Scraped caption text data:
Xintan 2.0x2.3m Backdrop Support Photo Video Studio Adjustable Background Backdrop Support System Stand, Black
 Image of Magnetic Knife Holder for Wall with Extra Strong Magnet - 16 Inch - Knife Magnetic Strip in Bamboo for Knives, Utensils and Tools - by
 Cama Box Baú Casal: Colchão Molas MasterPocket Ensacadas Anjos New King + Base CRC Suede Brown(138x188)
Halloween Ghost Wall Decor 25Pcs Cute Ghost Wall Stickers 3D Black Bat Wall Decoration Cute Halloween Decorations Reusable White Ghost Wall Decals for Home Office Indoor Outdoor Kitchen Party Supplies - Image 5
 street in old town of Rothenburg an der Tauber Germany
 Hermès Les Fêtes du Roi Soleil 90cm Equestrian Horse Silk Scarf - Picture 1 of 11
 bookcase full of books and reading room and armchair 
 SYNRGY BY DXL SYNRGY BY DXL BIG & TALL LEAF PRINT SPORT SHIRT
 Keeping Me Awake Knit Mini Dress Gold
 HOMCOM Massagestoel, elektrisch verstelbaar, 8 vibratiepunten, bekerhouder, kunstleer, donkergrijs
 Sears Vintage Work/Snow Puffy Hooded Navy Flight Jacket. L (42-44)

> **Task directions**
Where a line of the entries contains "Wall", report that line.

> **The answer**
 Image of Magnetic Knife Holder for Wall with Extra Strong Magnet - 16 Inch - Knife Magnetic Strip in Bamboo for Knives, Utensils and Tools - by
Halloween Ghost Wall Decor 25Pcs Cute Ghost Wall Stickers 3D Black Bat Wall Decoration Cute Halloween Decorations Reusable White Ghost Wall Decals for Home Office Indoor Outdoor Kitchen Party Supplies - Image 5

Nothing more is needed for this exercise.